In 2011, Wojciech Markiewicz and his team sent the European Space Agency’s Venus Express on a mission to find this optical oddity. Glories are similar to rainbows, but they forms in concentric circles and can only be viewed from above.

On July 24, 2011, they spotted one. They vetted their findings for many months before finally publishing them last month in the journal Icarus. A full glory has never been seen before on another planet, Markiewicz told New Scientist in an interview.

Venus_glory
This glory could give scientists a better sense of what elements suffuse Venus’s atmosphere.
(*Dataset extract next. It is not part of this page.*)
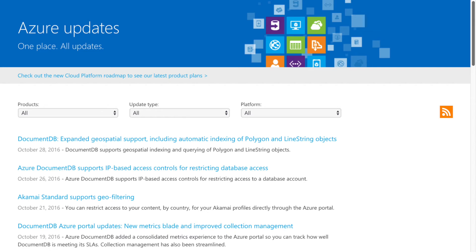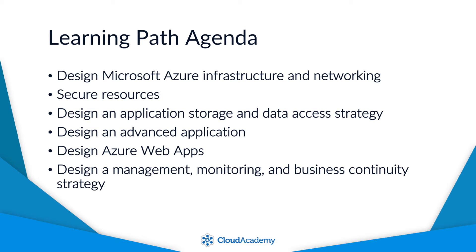Azure has been rapidly evolving over the past year or so. Tools and services have been deprecated or superseded, and the Azure 70-534 exam, which is targeted at solutions architects, hasn't been updated in a while to reflect those changes. As of the time of this recording, some of the information on the exam is a bit dated, and that's sadly the nature of the tech industry. So you're going to want to watch for updates as they come out in the coming weeks. That being said, let's check out the agenda for this learning path.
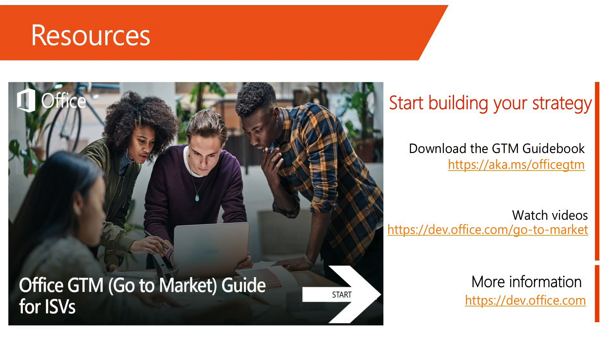Here are some resources to help you with all these tasks. And finally, we hope you've enjoyed this video. Thanks for tuning in.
Here’s Phil Plait, writing for Bad Astronomy:

A glory is an optical phenomenon, where light is bent by tiny droplets in the air. This is similar to how a rainbow works, but in this case the exact mechanism is still under debate. For the effect to work the Sun has to be directly behind the observer and shining into a bank of liquid droplets. The light gets broken up into its individual colors, which form concentric circular halos centered on the shadow of the observer’s head (or more technically the anti-solar point). They’re pretty commonly seen from airplanes; I’ve observed them many times when the Sun is shining down on the opposite side of the plane, and I can see clouds and the plane’s shadow out my window.

The size of the halo and the colors depend on the size of the droplets and the amount they bend light, which depends on the chemical composition of the droplets. On Earth, of course, we’re talking water, but on Venus it’s not so easy. The majority of the atmosphere there is carbon dioxide, but there are a myriad of other molecules floating around there as well, making it rather difficult to determine what’s what in the thick murk.

The image from the Venus Express might be able to help scientists answer that question. We’ve known for decades that Venus’s atmosphere contains clouds of sulphuric acid, and they could be responsible for glories. But variations in brightness of the glory’s concentric rings suggest that more chemical components are at work.

One of them might be an ultraviolet absorber that accounts for spooky dark markings that astronomers see in Venus’s cloud tops. If true, the Venus Express captured one glorious image.